Flow control in serial networks may take place in either hardware mode or software mode. “Hardware” mode refers to the existence of additional connector pins and cable conductors specifically designated for such “halt” and “resume” signals. “Software” mode refers to data codes communicated over the regular network channel telling the transmitting device to halt and resume. Software flow control is sometimes referred to as XON/XOFF in honor of the names given to these codes35 . Hardware flow control is sometimes referred to as RTS/CTS in honor of the labels given to the serial port pins conveying these signals.

The following screen shot shows options for flow control in the “minicom” terminal program:

Here, you can see “hardware” flow control enabled and “software” flow control disabled. The enabling of “hardware” flow control means the serial communications cable must be equipped with the necessary lines to convey these handshaking signals (when needed) between devices. Software flow control tends to be the more popular option, the advantage of this of course being fewer conductors necessary in the serial data cable. The disadvantage of using software flow control over hardware is a slight inefficiency in data throughput, since the XON and XOFF commands require time to be transmitted serially over the same network as the rest of the data.

15.5.5 Channel arbitration

When two or more communication devices exchange data, the directions of their communication may be classified into one of two categories: simplex or duplex. A “simplex” network is one-way communication only. A sensor outputting digital data to a remotely-located indicator over a digital network would be an example of simplex communication, where the flow of information goes from sensor to indicator, and never the other direction. A public-address (PA) system is an analog example of a simplex communication system, since audio information only goes in one direction (from the person with the microphone to the audience).

“Duplex” communication refers to two-way data exchange. Voice telephony is an analog example of two-way (duplex) communication, where either person at the end of the connection can hear the other person talking. Duplex communication may be further subdivided into half-duplex and full-duplex, referring to whether or not the two-way communication may be simultaneous. In a “full-duplex” system, both devices may transmit data to each other simultaneously because they have separate channels (separate wires, or optical fibers, or radio frequencies) for their respective transmissions. In a “half-duplex” system, only one device may transmit at any time because the devices must share a common channel. A telephone system is an example of a full-duplex system, although it may be rather difficult for the people to understand each other when they are speaking over one another. A push-to-talk radio system (“walkie-talkie”) is an example of a half-duplex system, where each person must take turns talking.

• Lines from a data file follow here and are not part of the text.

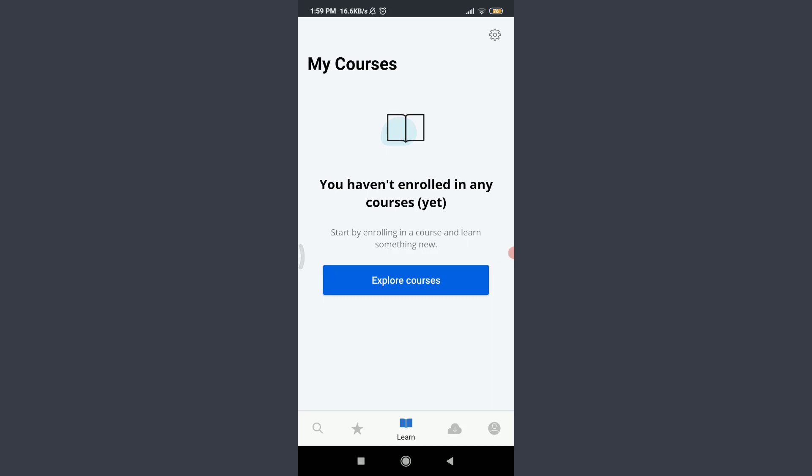Coursera app has a feature of enrolling for any of the courses that you want to learn, with or without certificates. Want to learn how to take it? I'll teach you how to take it today.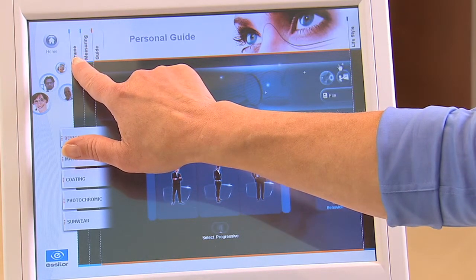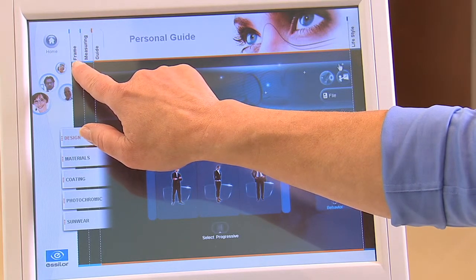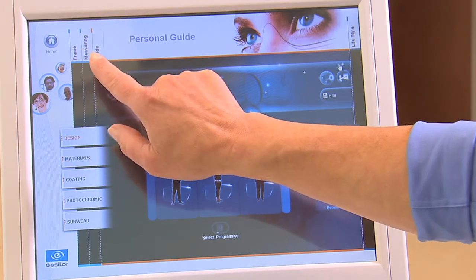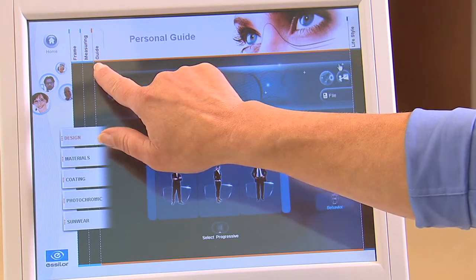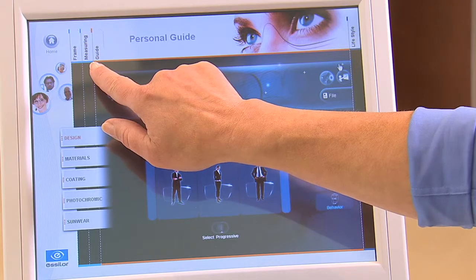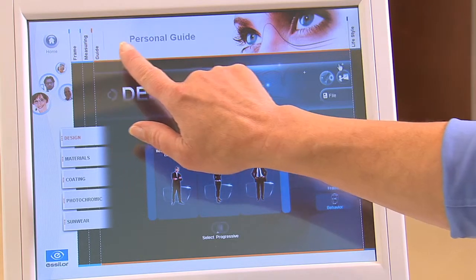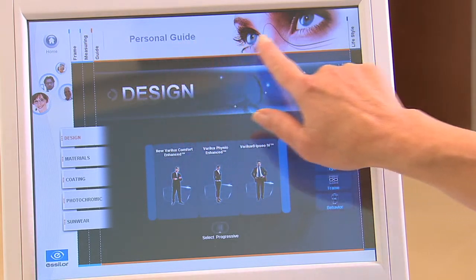You are now ready to navigate through the VisiOffice software. Using the vertical tabs at the top, you can move to the frame, measuring, guide, or lifestyle sections.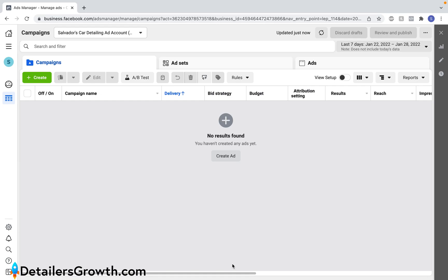Hey guys, it's Salvador with detailersgrowth.com and in this video I'm going to walk you through creating your first Facebook ad. By the end of this video you will know what objective, budget, and audience targeting I'd recommend to begin running ads on Facebook.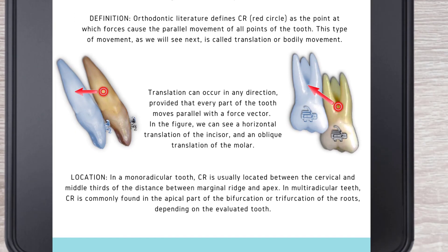Regarding the location of the CR: in a monoradicular tooth, the CR is usually located between the cervical and middle thirds of the distance between the marginal ridge and apex. In multiradicular teeth, the CR is commonly found in the apical part of the bifurcation or trifurcation of the roots, depending on the evaluated tooth.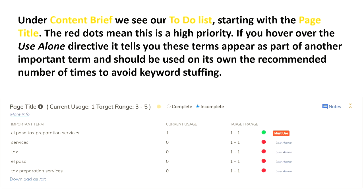Under Content Brief we see our to-do list, starting with the page title. The red dots mean this is a high priority. If you hover over the 'use alone' directive, it tells you that these terms appear as part of another important term and should be used on their own the recommended number of times to avoid keyword stuffing. You can see my main page title — El Paso Tax Preparation Services — current usage is one, and this is a must-use item because this is the one I'm trying to rank for. It's also telling me there are other terms I could use alone, like services, tax, El Paso, and so on.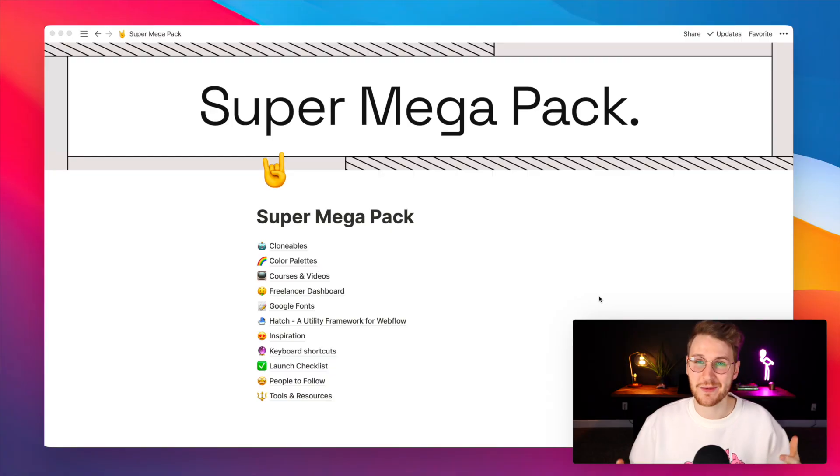What is going on my friends? My name is McKenzie and I want to share a new product that I've been working on and that is called Super Megapack.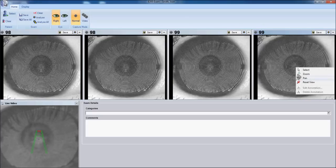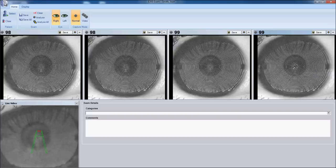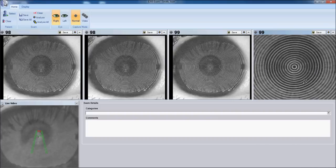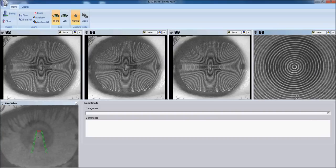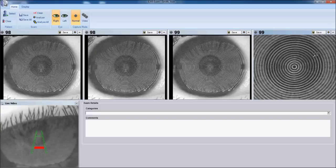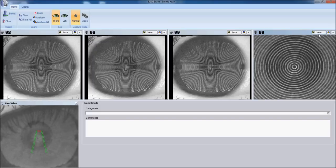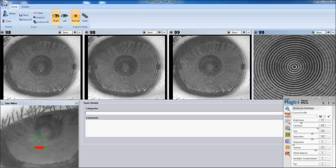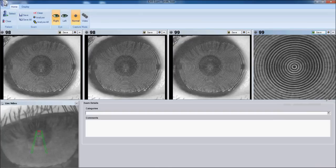Our right most image looks like we have a large percentage of corneal coverage. We can right click. Select the zoom tool. Zoom in on the central 10 to 15 rings. They all reflect parallel and even. This would be an excellent capture. So we will click save to save that into the patient file.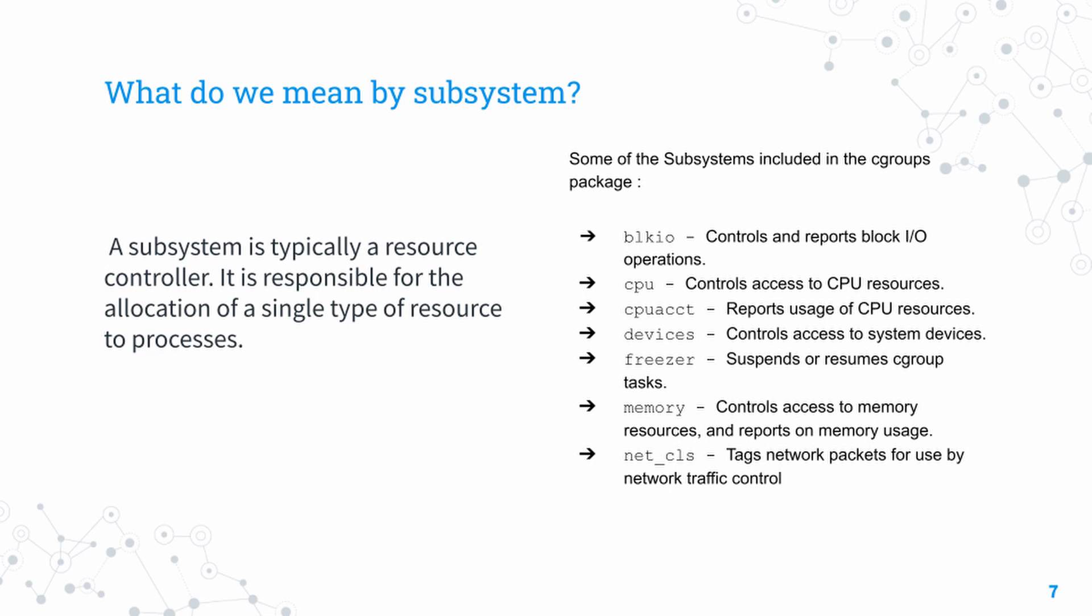A subsystem in this context is the resource controller. It is what's responsible for the allocation of any type of resource. On the right side you can see many subsystems included in the cgroups package. Depending on the kernel version and distro, there may be more. However, these will be present in all versions of cgroups.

Most industrial data networks are half-duplex, if only for the reason that most networks consist of more than two devices on a network segment. When more than two devices share a network, there are not enough data channels to allow all of the devices to simultaneously transmit and listen to each other. Thus, virtually any network supporting more than two devices will be half-duplex at best, and may even be limited to simplex operation in some cases.

In half-duplex systems, there must be some way for the respective devices to “know” when they are allowed to transmit. If multiple devices sharing one communications channel attempt to transmit simultaneously, their messages will “collide” in such a way that no device on the network will be able to interpret either message. The problem is analogous to two people simultaneously pressing the “talk” buttons on their two-way radio units: neither of the talking people can hear each other, and anyone else on the same channel hears the garbled amalgam of those two peoples’ superimposed transmissions. In order to avoid this scenario in a half-duplex network, there must be some strategy to coordinate transmissions so only one device “talks” at any given time. The problem of deciding “who” gets to “talk” at any given time is generally known as channel arbitration. Several strategies for addressing this problem have been developed in the data communications field, a few of which will be described in this subsection.

Master-slave

Our first method works on the principle of having only one device on the network (the “master”) with permission to arbitrarily transmit data. All other devices on the network are “slaves,” which may only respond in direct answer to a query from the master. If the network happens to be simplex in nature, slave devices don’t even have the ability to transmit data – all they can do is “listen” and receive data from the one master device.

For example, in a half-duplex master-slave network, if one slave device has data that needs to be sent to another slave device, the first slave device must wait until it is prompted (“polled”) by the master device before it is allowed to transmit that data to the network. Once the data is transmitted, any and all slave devices may receive that transmission, since they all “listen” to the same communications channel.

An example of an industrial network using master-slave channel arbitration is HART multidrop, where multiple HART field instruments are parallel-connected on the same wire pair, and one device (usually a dedicated computer) serves as the master node, polling the field instruments one at a time for their data.

Another example of a master-slave industrial network is a Modbus network connecting a programmable logic controller (PLC) to multiple variable-frequency motor drives (VFDs). The master device (the PLC) initiates all communications, with the slave devices (the motor drives) at most replying to the PLC master (and in many cases not replying at all, but merely receiving data from the PLC in simplex mode).

Master-slave arbitration is simple and efficient, but suffers from one glaring weakness: if the master device happens to fail, all communication on the network halts. This means the ability of any device on the network to transmit information utterly depends on the proper function of one device, representing a high level of dependence on that one (master) device’s function.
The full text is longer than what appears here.